> _Prompt_: Output, exactly and in full, the entries that appear below.

Short web captions
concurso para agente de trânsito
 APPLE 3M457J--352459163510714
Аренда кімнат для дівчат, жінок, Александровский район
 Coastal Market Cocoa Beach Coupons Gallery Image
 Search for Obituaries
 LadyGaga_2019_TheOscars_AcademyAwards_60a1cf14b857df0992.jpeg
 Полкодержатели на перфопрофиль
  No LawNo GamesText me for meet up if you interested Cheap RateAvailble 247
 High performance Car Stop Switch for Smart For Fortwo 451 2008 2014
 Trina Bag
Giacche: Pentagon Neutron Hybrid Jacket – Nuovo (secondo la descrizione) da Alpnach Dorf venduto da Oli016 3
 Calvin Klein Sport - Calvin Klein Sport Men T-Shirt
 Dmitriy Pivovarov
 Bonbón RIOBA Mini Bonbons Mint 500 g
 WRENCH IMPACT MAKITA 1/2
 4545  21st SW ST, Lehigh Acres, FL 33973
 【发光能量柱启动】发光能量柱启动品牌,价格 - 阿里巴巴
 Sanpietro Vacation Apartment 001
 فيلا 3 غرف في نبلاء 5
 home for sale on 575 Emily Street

> _Task output_:
concurso para agente de trânsito
 APPLE 3M457J--352459163510714
Аренда кімнат для дівчат, жінок, Александровский район
 Coastal Market Cocoa Beach Coupons Gallery Image
 Search for Obituaries
 LadyGaga_2019_TheOscars_AcademyAwards_60a1cf14b857df0992.jpeg
 Полкодержатели на перфопрофиль
  No LawNo GamesText me for meet up if you interested Cheap RateAvailble 247
 High performance Car Stop Switch for Smart For Fortwo 451 2008 2014
 Trina Bag
Giacche: Pentagon Neutron Hybrid Jacket – Nuovo (secondo la descrizione) da Alpnach Dorf venduto da Oli016 3
 Calvin Klein Sport - Calvin Klein Sport Men T-Shirt
 Dmitriy Pivovarov
 Bonbón RIOBA Mini Bonbons Mint 500 g
 WRENCH IMPACT MAKITA 1/2
 4545  21st SW ST, Lehigh Acres, FL 33973
 【发光能量柱启动】发光能量柱启动品牌,价格 - 阿里巴巴
 Sanpietro Vacation Apartment 001
 فيلا 3 غرف في نبلاء 5
 home for sale on 575 Emily Street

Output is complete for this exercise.